The Chalice: Tudor mystery is good to the last drop

Exclusive interview with author Nancy Bilyeau and a review of her novel about a plot against the king of England

RATING: 4 Stars
By Gabrielle Pantera

book-review “I read a little bit about prophecy and how it took off like wildfire during the reign of Henry VIII,” says The Chalice author Nancy Bilyeau. “It was a craze of passing around these mystical predictions into the future. I decided to make this the structure of The Chalice. My character is drawn into a very dark prophecy.”

This is an engrossing ready for those who enjoy stories about Tudor England. There is romance, but it doesn’t overpower the main plot, and the historical facts are woven into the story showing the religious upheaval during the period.

Author Nancy Bilyeau excels at showing the growth of Joanna and the other characters. That Joanna is indecisive at times is believable. You wonder what you would do in the same situation. The story moves between the life Joanna wants to live and the one that fate has dealt her. The Chalice is the second novel in the series. Bilyeau’s first book, The Crown, is about Joanna trying to find the Saxon crown of Athelstan.

Joanna Stafford is forced from the Dartford Priory when Henry the VIII dissolves the churches, monasteries and priories. He left the Roman Catholic Church to form the Church of England to marry Anne Bolen after the Pope refused to grant an annulment of his marriage to Catherine of Aragon. After settling in the town of Dartford Joanna seeks new meaning for her life. As a child Joanna’s mother took her to see Sister Elizabeth Barton who was known as a seer of the future. Joanna is terrified by Sister Elizabeth’s predictions and vows to never see another seer or prophet. Joanna is drawn into a plot against King Henry VIII. Can she figure out the right thing to do before it’s to late?

“As soon as I sold The Crown to Touchstone/Simon&Schuster I started to think about what happens next in the life of my main character, Sister Joanna Stafford,” says Bilyeau. “I had an 18-month wait to be published, so I decided to write the second book then. I left my job as deputy editor of InStyle magazine and wrote The Chalice.” Bilyeau is now executive editor of the magazine DuJour.

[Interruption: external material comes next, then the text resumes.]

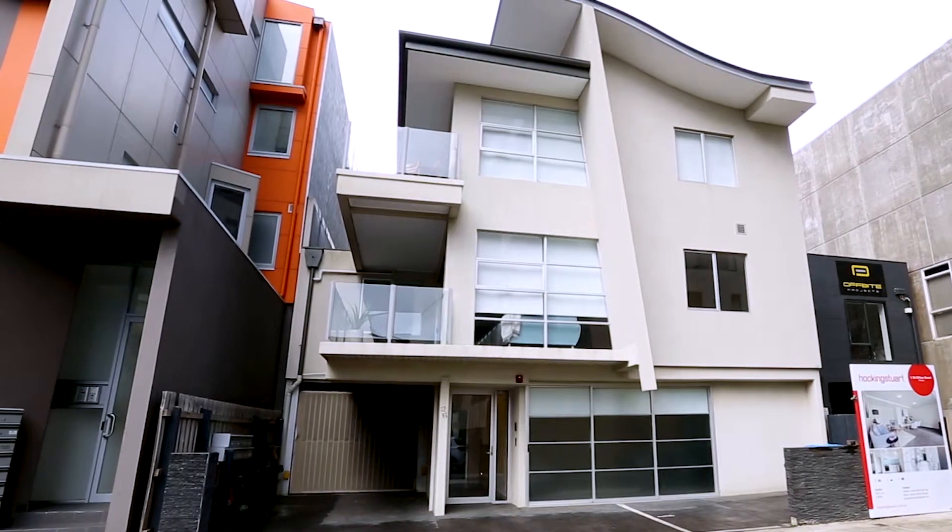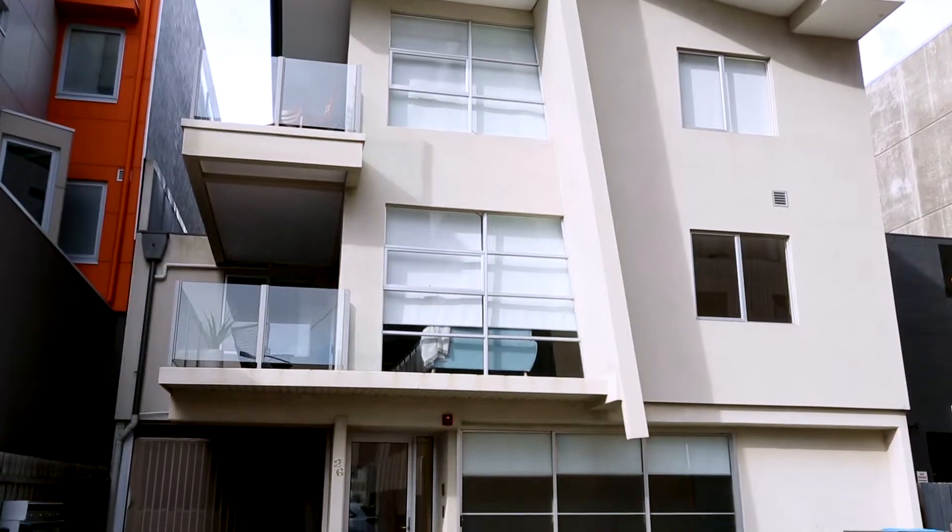Are you looking for an option to live and work from home? Look no further than one at 26 Clifton Street in Prahran. A wonderful split-level town residence awaiting your inspection. So let's have a look now.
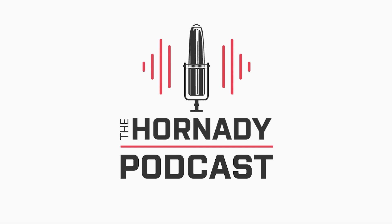I'm Joyce Hornady. You might say accuracy is my business. I make bullets. You are listening to the Hornady Podcast. Thanks for joining us and enjoy the show. Hello everybody. Welcome to the Hornady Podcast, thanks for tuning in.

“A real Dominican nun from an enclosed order in New Jersey emailed me after she read The Crown,” says Bilyeau. “I went to see her at her monastery. There is a special room for outsider visits, with a divider in the middle. I really liked her, we talked about many things while eating cookies and drinking tea. She read The Chalice for accuracy in manuscript form.”

For research, Bilyeau read a great deal about the late 1530s in not only England but all of Western Europe. “This was a rare time when France and Spain were allies,” says Bilyeau. “The Pope was exhorting them to invade England and depose Henry VIII. Of course, this was an expensive and dangerous venture, to invade a well-defended island kingdom…as Phillip of Spain would discover when he actually tried decades later. Henry VIII spent a great deal of money preparing for war. This is why he married a German for his fourth wife, Anne of Cleves.”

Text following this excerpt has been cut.